I will bet money that GANs bolstered with diffusion will far outperform a standalone diffusion model.

hansvm · on June 21, 2023

It's not the first paper on the topic IIRC, but OpenAI's InstructGPT paper [0] is decent and references enough other material to get started.

The key idea is that they're able to start with large amounts of relatively garbage unsupervised data (the internet), and use that model to cheaply generate decent amounts of better data (ranking generated content rather than spending the man-hours to actually write good content). The other details aren't too important.

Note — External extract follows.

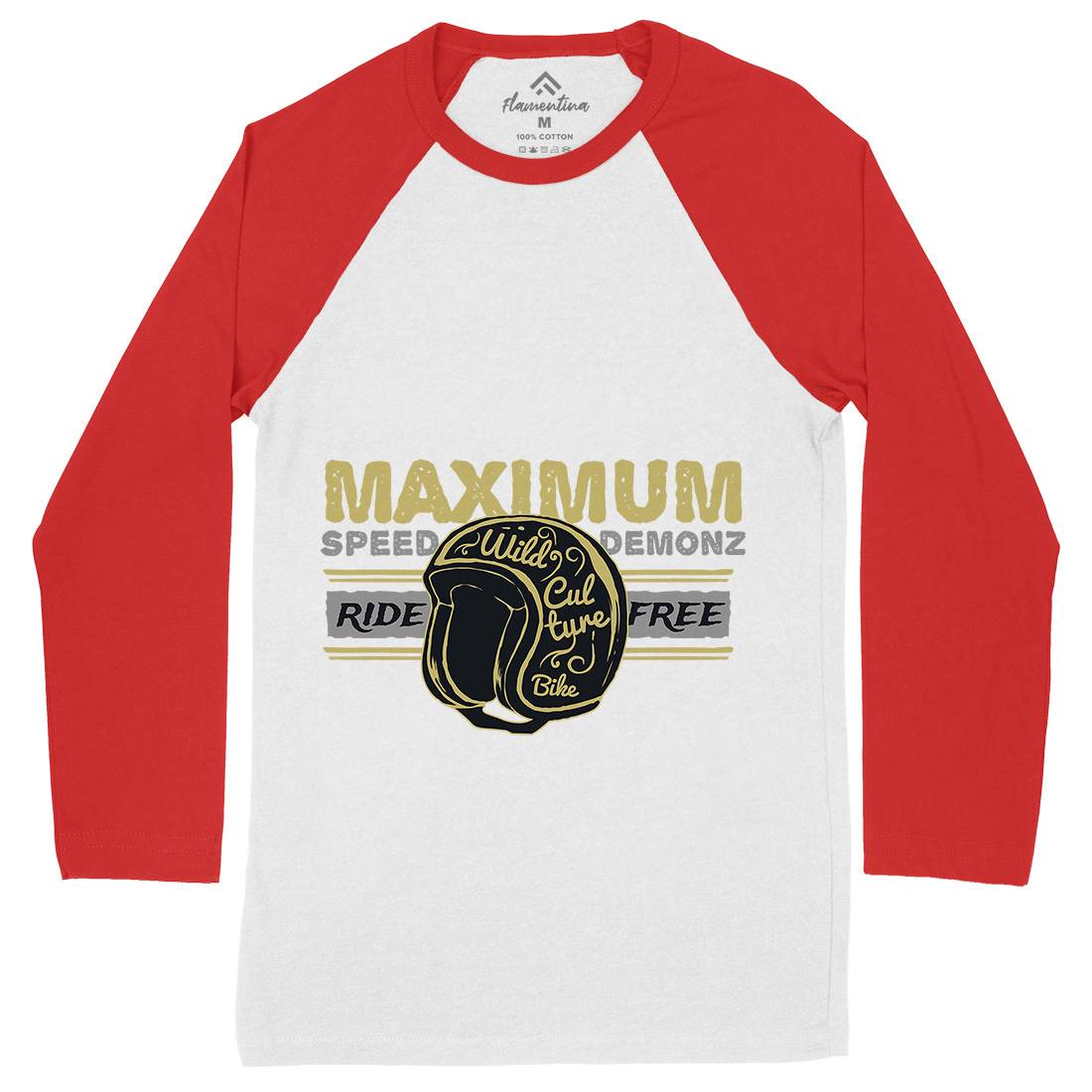 Maximum Speed Mens Long Sleeve Baseball T-Shirt Motorcycles A344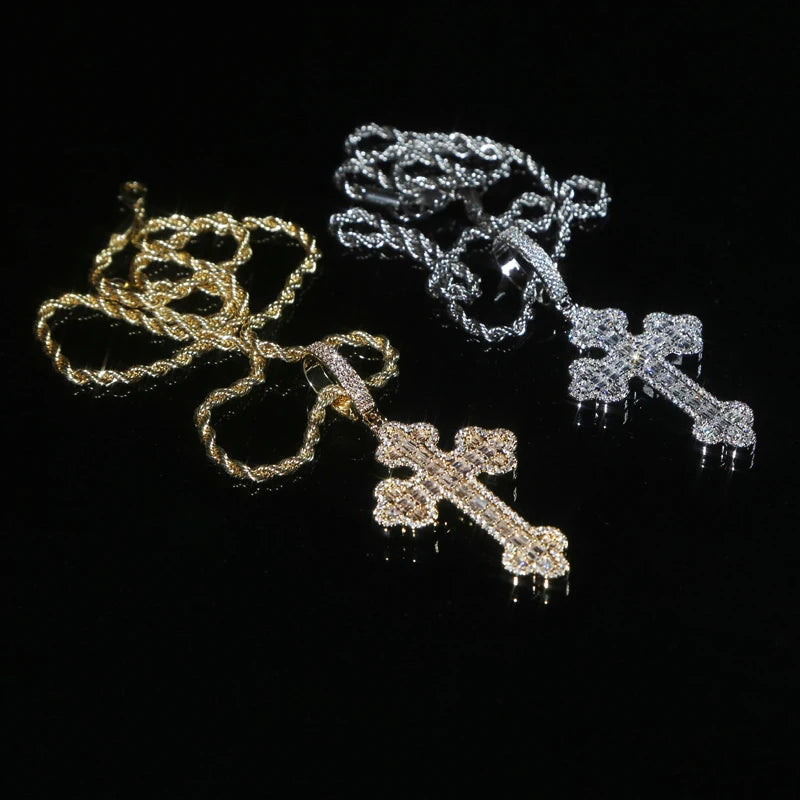 Men & Women's Hip Hop Cross Pendant Necklace Full Paved Sparking Cubic Zircon Rope Chain Iced Out Bling CZ Jewelry Fashion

[0] https://arxiv.org/abs/2203.02155

SleekEagle · on June 21, 2023

My colleague wrote a couple of pieces that talk about RLHF:

1. https://www.assemblyai.com/blog/the-full-story-of-large-lang... (you can scroll to "What RLHF actually does to an LLM" if you're already familiar with LLMs)

2. https://www.assemblyai.com/blog/how-chatgpt-actually-works/

rounakdatta · on June 21, 2023

There's also this exhaustive post from one and only Chip Huyen: https://huyenchip.com/2023/05/02/rlhf.html

noam_compsci · on June 21, 2023

Not very good. I just want a step by step ultra high level explanation. 1. Build a model 2. Run it ten times 3. Get humans to do xyz until result abc.

RicDan · on June 21, 2023

Problem with this is that it leads to the algorithm targeting outputs that sound good for humans. Thats why its bad and wont help us, it should also incorporate „sorry dont know that“, but for that it needs to actually be smart

cubefox · on June 21, 2023

Honesty/truthfulness is indeed a difficult problem with any kind of fine-tuning. There is no way to incentivize the model to say what it believes to be true rather than what human raters would regard as true. Future models could become actively deceptive.

m00x · on June 21, 2023

It can be weighted to be more honest when it doesn't know if those answers are picked by the labeler.

dr_dshiv · on June 21, 2023

Need smarter labelers

abscind · on June 21, 2023

Any reason RLHF isn't just a band-aid on "not having enough data?"

trade_monkey · on June 21, 2023

RLHF is a band aid on not having enough data that fits your own biases and answers you want the model to give.

astrange · on June 22, 2023

It won't give answers at all if you don't train it to. It will output more questions because that's a more obvious completion to an incoming question.

astrange · on June 22, 2023

Less data can be better if the data is good: https://arxiv.org/abs/2306.11644

A language model won't develop question-answering behavior unless you train it to though.